AC Mezzocorona
- Full name: Associazione Calcio Mezzocorona
- Founded: 1951 1967 (refounded)
- Ground: Stadio Comunale, Mezzocorona, Italy
- Capacity: 1,500
- Manager: Flavio Toccoli
- League: Promozione Trentino A
- 2019–20: Promozione Trentino A, 12th
| Home colours | Away colours |

= AC Mezzocorona =

Italian football club

A.C. Mezzocorona is an Italian association football club located in Mezzocorona, Trentino. Currently it plays in Promozione.

==History==
Founded in 1951 and refounded in 1967, Mezzocorona played in the amateur ties of Italian football until 2007, after finishing first in the Girone C during the Serie D 2006-07, thus winning promotion for the first time ever to Serie C2, the fourth tier of Italian football. As one of the nine promoted teams from Serie D, Mezzocorona also participated in the Scudetto Dilettanti tournament but was eliminated in the group stage.

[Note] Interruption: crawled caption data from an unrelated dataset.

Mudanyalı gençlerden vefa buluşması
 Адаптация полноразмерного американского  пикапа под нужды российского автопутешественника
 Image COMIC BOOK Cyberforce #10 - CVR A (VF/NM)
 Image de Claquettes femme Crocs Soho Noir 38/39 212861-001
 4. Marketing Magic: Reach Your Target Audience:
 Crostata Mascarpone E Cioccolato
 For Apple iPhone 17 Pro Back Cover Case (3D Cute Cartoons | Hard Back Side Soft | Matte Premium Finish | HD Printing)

===Lega Pro Seconda Divisione===
In the Serie C2 2007-08 regular season, Mezzocorona finished a surprising fifth in Girone A, and qualified for the promotional playoffs. The team upset second-placed Carpenedolo in the semi-finals, winning 2–1 on aggregate. In the finals, the team lost to fourth-placed Lumezzane due to the fact it was the lower classified team after the pair ended in a 0–0 aggregate tie, thus remaining in the, now called, Lega Pro Seconda Divisione.

After four consecutive season in the Lega Pro Seconda Divisione, including one in former Serie C2, Mezzocorona was relegated to Serie D at the end of the 2010–11 Lega Pro Seconda Divisione season.

The club was disbanded in 2017, then resuming activities from the minor amateur leagues.

==Colors and badge==
Its official colours are green and yellow.